Ocupantes de la toma 2 de Enero llevaron sus reclamos a la plaza: quieren pagar los lotes
Integrantes de la toma denominada “2 de Enero”, situada en el barrio Álvarez Guerrero, trasladaron inquietudes a las autoridades políticas y en el marco de una protesta, instalaron un campamento frente a la Casa de Gobierno.
Aseguran que permanecerán hasta tanto haya respuestas, y cuestionaron que a la fecha, a pesar de las muchas marchas realizadas y petitorios presentados, no han sido atendidos ni escuchados sus reclamos.
Exigen que se confeccione un listado de las familias que actualmente ocuparon el predio lindante a la cancha de Fátima, y se genere una alternativa para hacerse de los lotes, con la condición de “pagar” por los mismos.
Cabe recordar que la toma se produjo el 2 de enero de este año, e inmediatamente, se contabilizaron alrededor de 200 familias instaladas.
Si embargo, con el paso de los días esa cifra descendió, aunque sigue siendo alta si se tienen en cuenta las condiciones en las que se vive.
La Justicia al principio actuó de acuerdo a los protocolos vigentes, el Fiscal Guillermo Sacco solicitó información a la Policía y a la Municipalidad; y trasladó las actuaciones a la Defensoría de Menores dado que en los lotes usurpados hay presentes niños y niñas de muy baja edad.
El principal damnificado, propietario de los lotes en sucesión, requirió el desalojo.
La postura que había tomado la Municipalidad, era similar a la de las anteriores ocupaciones ilegales: permitir que actúe la Justicia y facilitarle la información que desde la misma institución provenga.
De todas formas, el drama no es ajeno a la comuna capitalina que entre tantas de sus obligaciones inherentes está la de facilitar el acceso al techo propio de las familias más necesitadas.
Pero el Municipio tiene en su haber un registro de usurpaciones en terrenos que les son propios; y por consiguiente, años después se vio obligado a regularizar la situación con la llegada de los servicios públicos: Ejemplo de ello son los barrios 30 de Marzo y el ex loteo Silva, actual barrio Alvarez Guerrero.
Y en la memoria colectiva está la más masiva de las usurpaciones que tuvo lugar en el barrio Santa Clara.
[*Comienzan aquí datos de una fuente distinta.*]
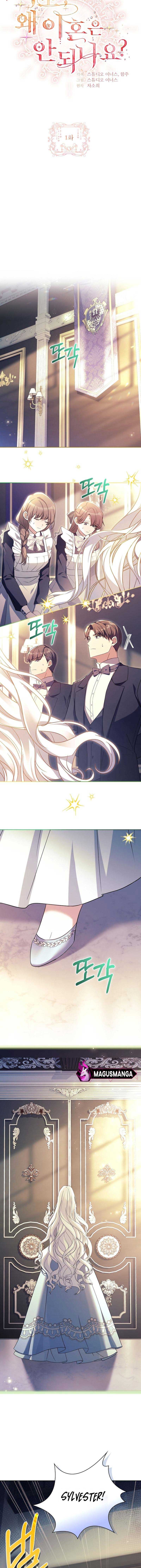 Honey, Why Can’t We Get A Divorce? Chapter 1 page 4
Sin dudas, es un precedente en el accionar judicial.
Con pedidos de desalojos constantes, decenas de familias resisten en el lugar.
En aquellas donde la permanencia de familias hizo que la toma continuara, hoy presentan los signos propios de las carencias en los servicios públicos, siendo además estas familias las más perjudicadas por las condiciones climáticas.